## Task goal
Take the lines below beginning at the line that has "Windflower May 2015" and stopping after the line that has "Framed Illustrative Leaves III Print", and print them exactly as they are, with no other lines.

## Exercise data
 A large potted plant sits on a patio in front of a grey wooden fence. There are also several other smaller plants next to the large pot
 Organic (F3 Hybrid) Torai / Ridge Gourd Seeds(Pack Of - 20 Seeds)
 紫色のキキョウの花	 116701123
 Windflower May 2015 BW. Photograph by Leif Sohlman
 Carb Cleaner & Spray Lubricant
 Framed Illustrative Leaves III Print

==

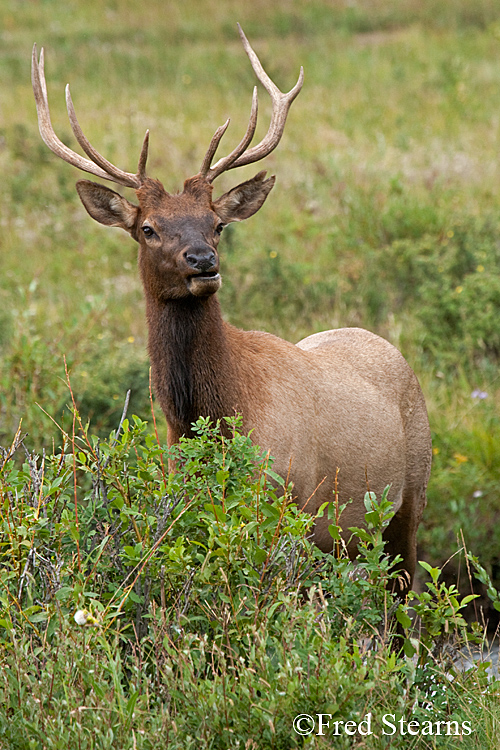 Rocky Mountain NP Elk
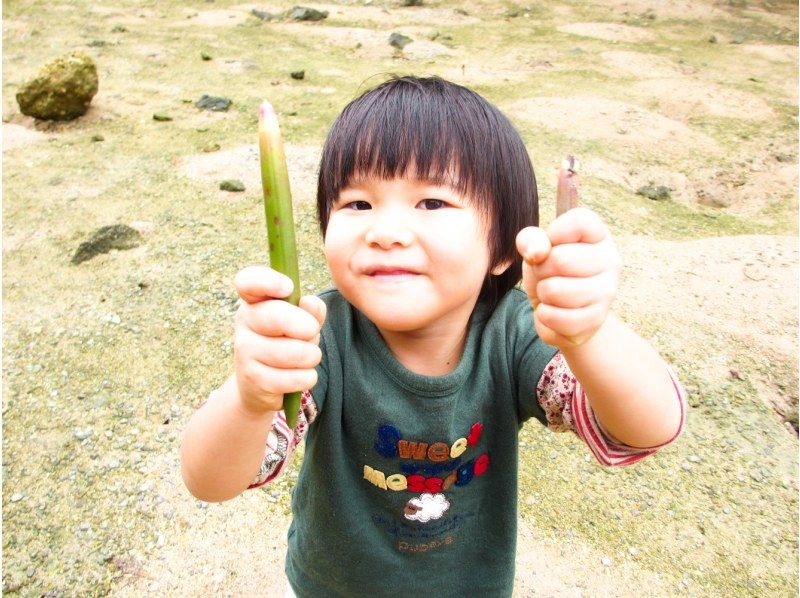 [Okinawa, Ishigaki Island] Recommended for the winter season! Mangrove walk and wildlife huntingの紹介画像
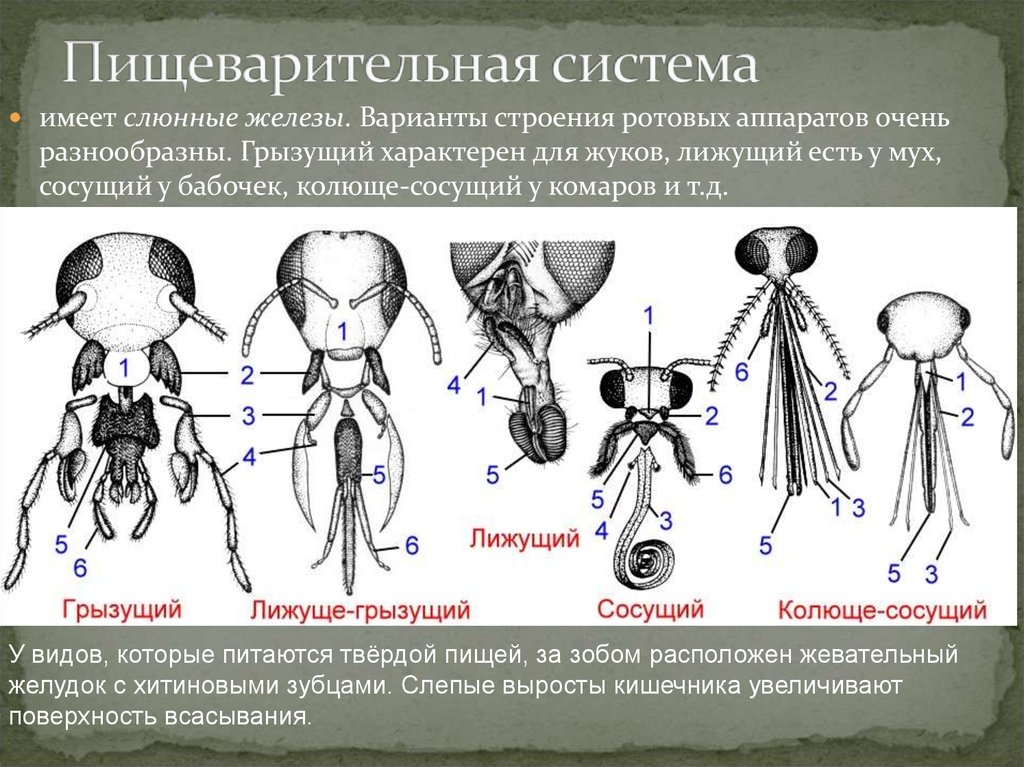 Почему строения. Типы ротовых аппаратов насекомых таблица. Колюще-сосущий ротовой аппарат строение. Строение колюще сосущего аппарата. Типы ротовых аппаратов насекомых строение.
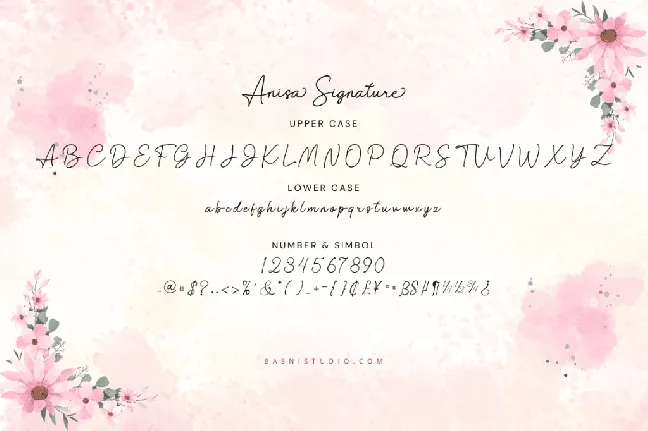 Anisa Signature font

## Problem solution
 Windflower May 2015 BW. Photograph by Leif Sohlman
 Carb Cleaner & Spray Lubricant
 Framed Illustrative Leaves III Print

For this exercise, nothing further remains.